### Stored data

————

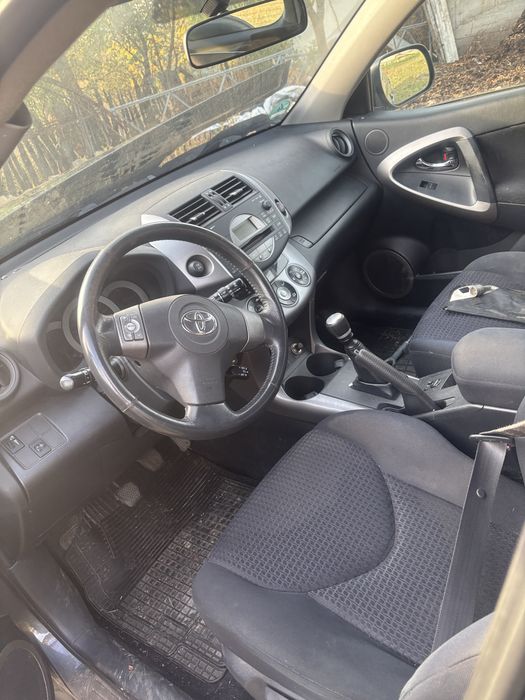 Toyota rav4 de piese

————

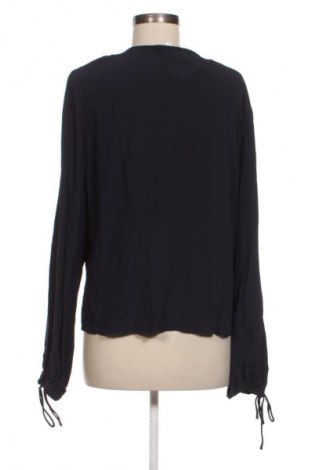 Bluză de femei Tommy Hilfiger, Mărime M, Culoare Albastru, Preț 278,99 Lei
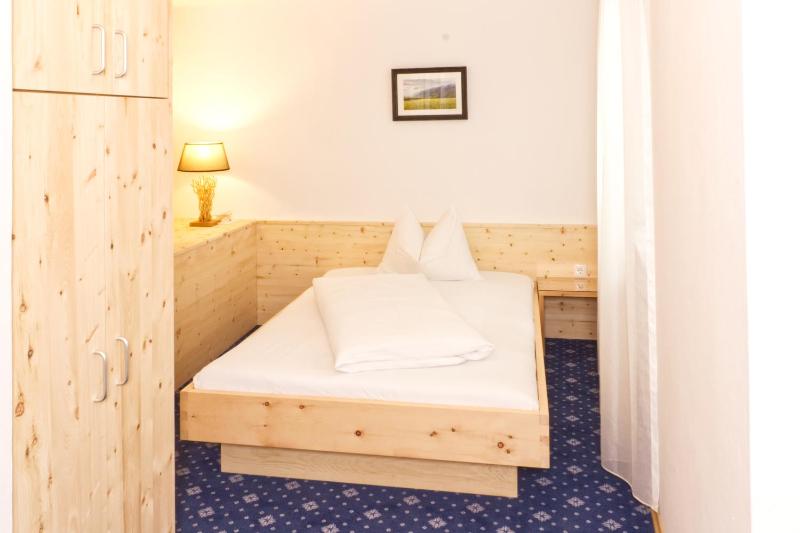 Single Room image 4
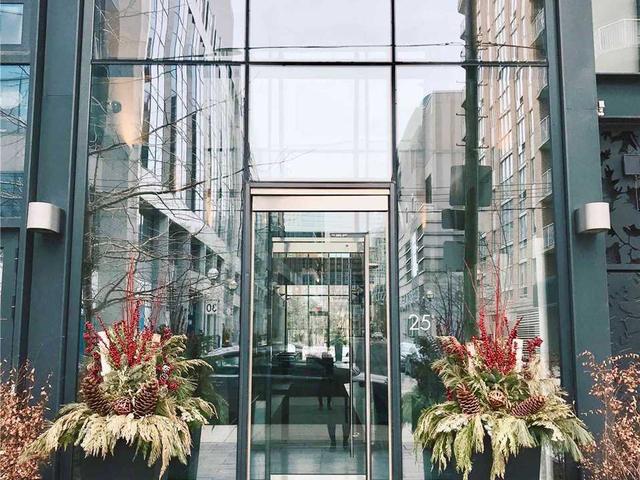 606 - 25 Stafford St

————

### Description of the task
Within the listing above, extract exactly the lines that run from the one containing "Bluză de femei" through the one containing "606 - 25 Stafford St", excluding any pictures.

### Written response
 Bluză de femei Tommy Hilfiger, Mărime M, Culoare Albastru, Preț 278,99 Lei
 Single Room image 4
 606 - 25 Stafford St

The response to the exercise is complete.